=== DATA PROVIDED ===

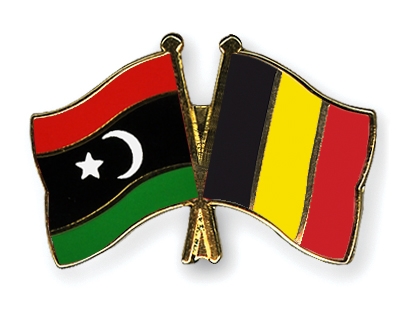 Fahnen Pins Libyen Belgien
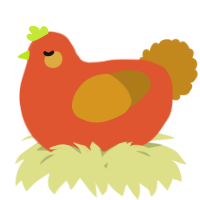 A vermilion and ochre chicken
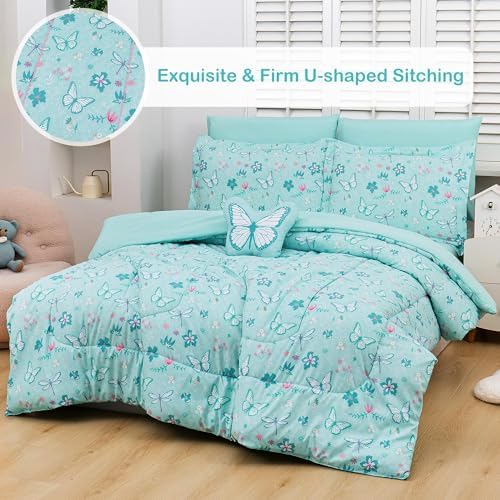 Mooreeke Butterfly Mint Green Kids Bed in a Bag Set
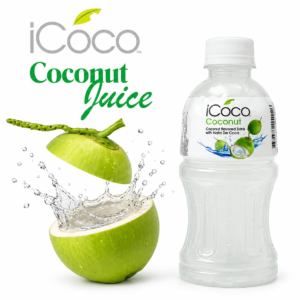 ICOCO Kokosový nápoj s příchutí kokosu a kostkami nata de coco 350 ml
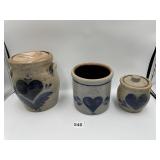 ROWE POTTERY SALT GLAZE CROCK, 7" WITH LID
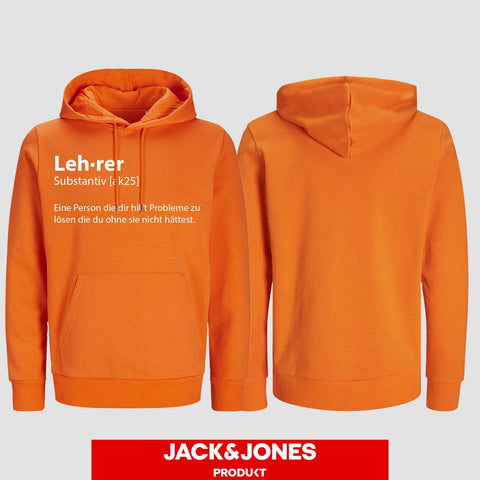 1049 "Definition Lehrer" Abschluss Hoodie by Jack&Jones einseitig bedruckt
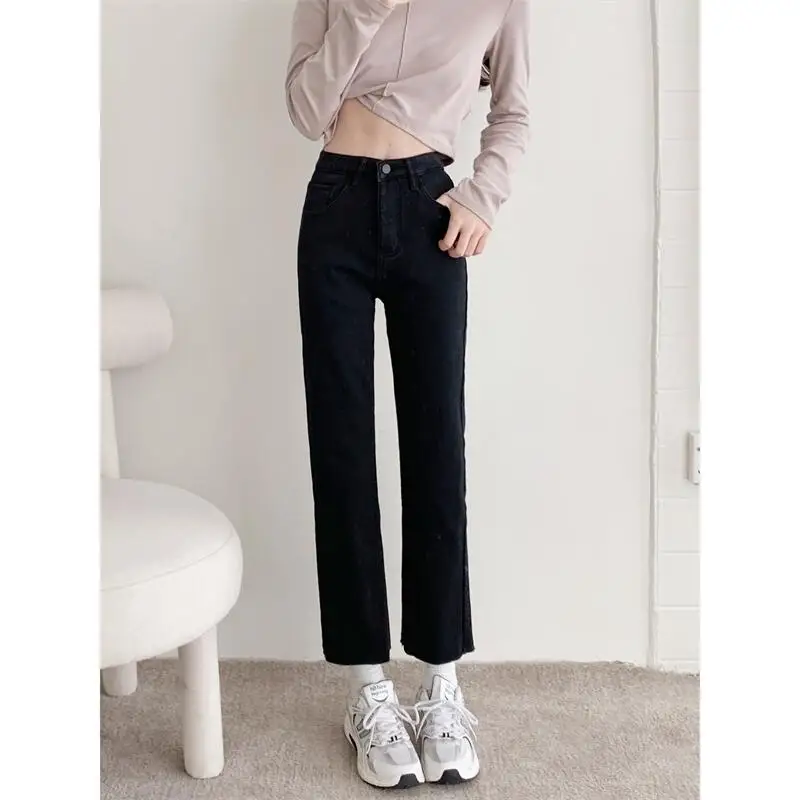 

DD0425 New retro high-waisted thin all-match women's nine-point pants jeans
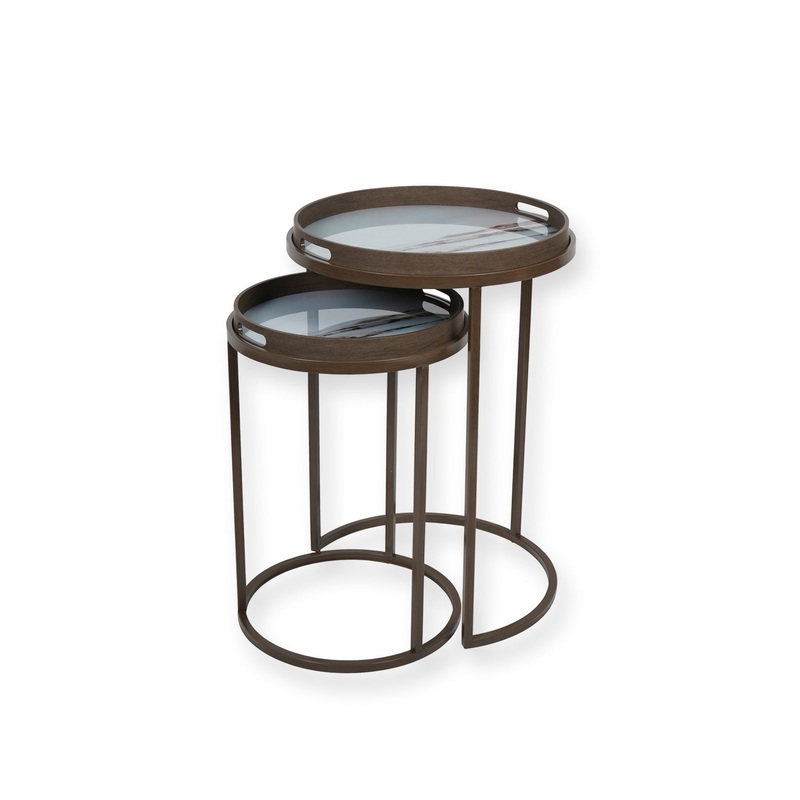 Blurred Seascape Side Tray Tables Multi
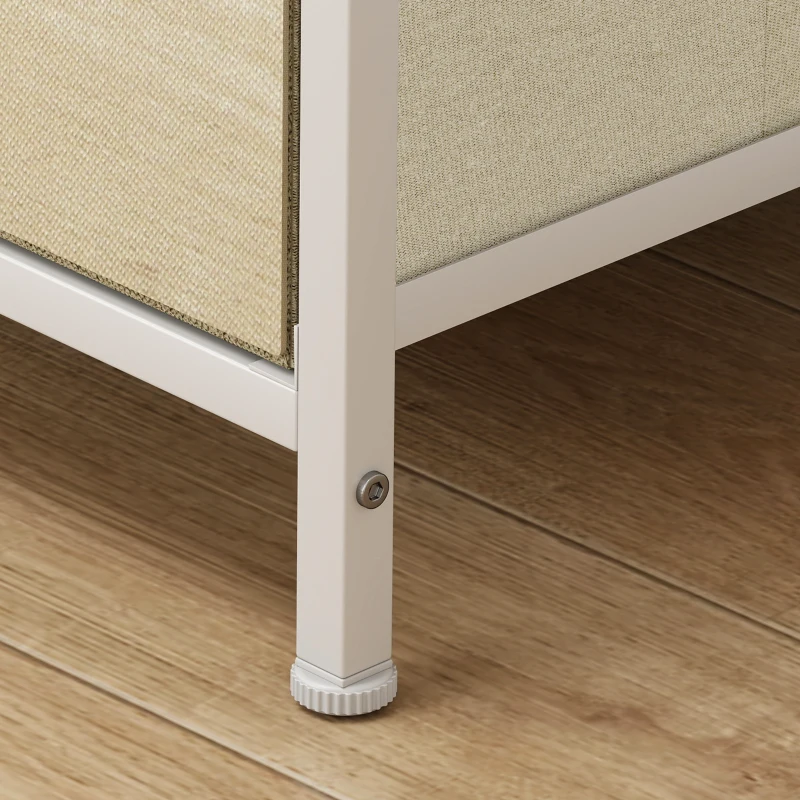 HOMCOM Perchero 4 en 1, Mueble de Entrada con 7 Cajones Plegables de Tela, 14 Ganchos y Panel Rejilla, Roble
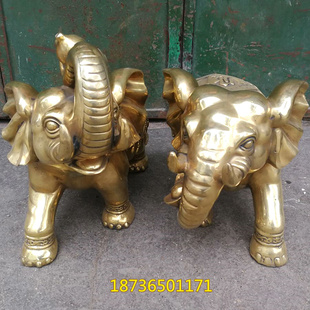 饰品摆件 纯铜大象财富大象吉祥象葫芦象吸水象招财镇宅家居铜器装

=== INSTRUCTIONS TO FOLLOW ===
Restate, exactly as they appear, the line with "ICOCO Kokosový nápoj" and all the lines after it up to the end of the data above; images do not belong in the copy.

=== TASK RESULT ===
 ICOCO Kokosový nápoj s příchutí kokosu a kostkami nata de coco 350 ml
 ROWE POTTERY SALT GLAZE CROCK, 7" WITH LID
 1049 "Definition Lehrer" Abschluss Hoodie by Jack&Jones einseitig bedruckt

DD0425 New retro high-waisted thin all-match women's nine-point pants jeans
 Blurred Seascape Side Tray Tables Multi
 HOMCOM Perchero 4 en 1, Mueble de Entrada con 7 Cajones Plegables de Tela, 14 Ganchos y Panel Rejilla, Roble
 饰品摆件 纯铜大象财富大象吉祥象葫芦象吸水象招财镇宅家居铜器装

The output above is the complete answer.